Correct .htaccess file for user-friendly URL - regex

I supposed to have the following URLs to be converted to user-friendly format:
example.com/product/$numbers/$anychars => example.com/product.php?product_id=$numbers&name=$anychars
example.com/image/$numbers/$anychars/$number => example.com/image.php?image_id=$numbers&name=$anychars&no=$number
example.com/item/$numbers/$anychars => example.com/item.php?item_id=$numbers&name=$anychars
example.com/category/$anychars => example.com/category.php?name=$anychars
example.com/category/$anychars/$numbers => example.com/category.php?name=$anychars&page=$numbers
Trailing forward slash should be allowed and ignored by the web-server.

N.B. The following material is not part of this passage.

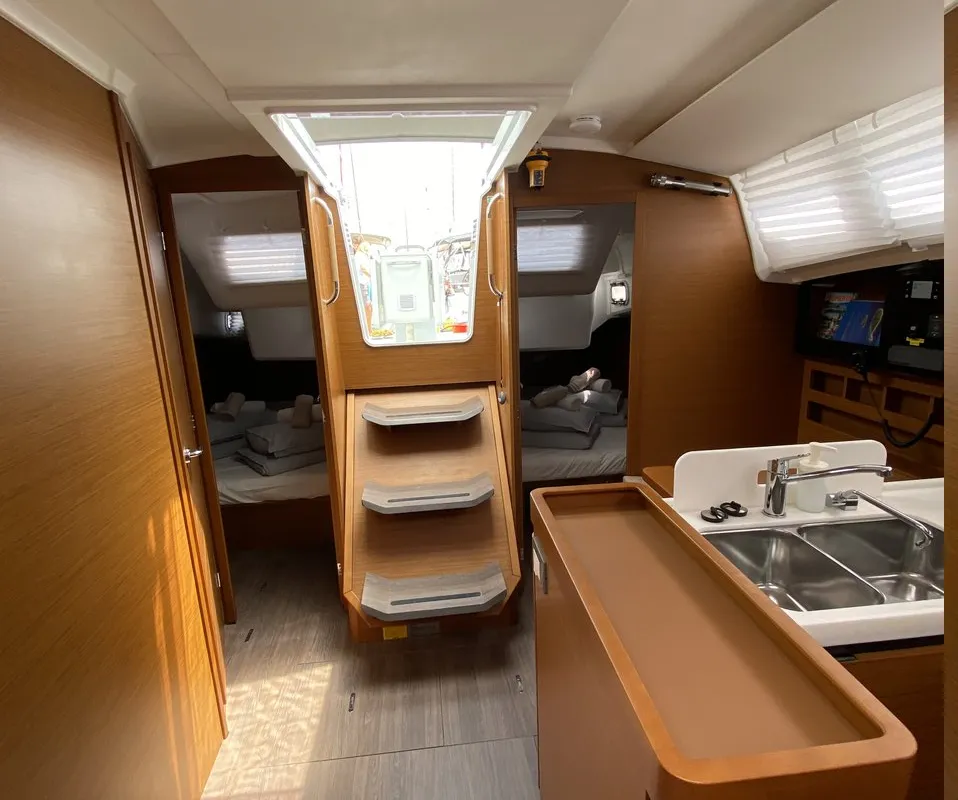 Salon of night elli, a Jeanneau Sun Odyssey 410 sailboat at Trogir, Croatia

Using some guides from the Internet I did the following:
RewriteEngine On
RewriteRule ^product/([0-9]+)/([^/]+)/?$ product.php?id=$1&name=$2 [QSA,NC,L]
RewriteRule ^image/([0-9]+)/([^/]+)/([0-9]+)/?$ image.php?item_id=$1&item_name=$2&no=$3 [QSA,NC,L]
RewriteRule ^item/([0-9]+)/([^/]+)/?$ item.php?id=$1&name=$2 [QSA,NC,L]
RewriteRule ^category/([^/]+)/?$ category.php?cat=$1&page=0 [QSA,NC,L]
RewriteRule ^category/([^/]+)/([0-9]+)/?$ category.php?cat=$1&page=$2 [QSA,NC,L]
NC flag indicated to make it case insensitive.
L flag indicated to stop searching for match after one match was found (less bugs and faster URL handling)
Preliminary testing showed no errors.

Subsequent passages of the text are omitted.